In a spiritual companion piece to our call-to-optimism last week, I just dug up this WIRED op-ed from last month, which highlights the beneficial effects of crypto in Latin America and Sub-Saharan Africa. Does dedicating our Spotlight column to a month-old article expose my obsolete Internet habits? Absolutely. But, considering my default reaction to web3 news is the Withered Wojak meme, I’ll take any excuse to spread (genuine) positivity.

El Salvador’s hustlebro-in-chief, intent on putting the ‘dick’ in ‘dictator’, dominates most of the international Bitcoin discourse. But the article argues there are real benefits to crypto integration in less developed economies and authoritarian states.
Nigerians are able to shirk strict capital controls and move value across borders via stablecoins, while Cuban citizens use cryptocurrencies to circumvent oppressive U.S. sanctions and advance the nefarious Communist agenda by, like, selling Spotify gift cards and buying cheap shit online. Internet penetration in the latter is up 40% from 5 years ago. Trading volumes in the Global South match and may soon exceed those of North America.
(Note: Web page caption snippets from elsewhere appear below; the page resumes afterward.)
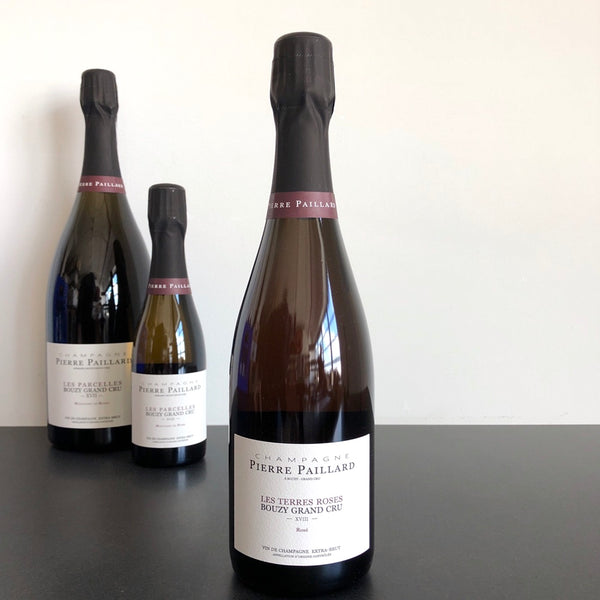 Pierre Paillard 'Les Terres Roses' XVIII Bouzy Grand Cru Brut Rose, Champagne, France
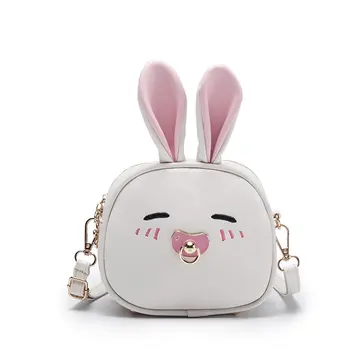 

LJL-Super Cute Girls Purse Bunny Ear Shoulder Bag Messenger Bag For Girls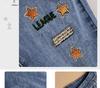Petite Women's Summer Loose Harem Cropped Jeans 2024 - Korean Slimming Thin Style Pencil Pants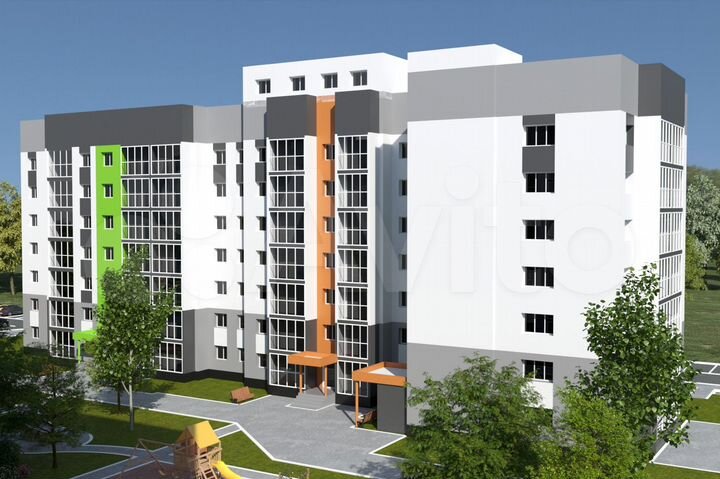 Квартира-студия, 27,8 м², 3/7 эт.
TL;DR: It’s not all drug deals and Teejaux6-bar-worthy shills. Crypto opens the door for borderless economies, financial freedom for oppressed citizens, and international equity. Hell, even Axie Infinity, the infinitely mockable Neopets-on-bath-salts NFT MMORPG, is a major source of income in Venezuela and the Philippines, accessible to players in South Sudan and North Korea alike.
Will that keep me from dedicating the rest of today’s content to the rancid underbelly of blockchain technology? Course not. Still, as a lapsed political science major, it’s vindicating to know Sachs should’ve been writing smarmy white savior tomes about knock-off Pokémen all along.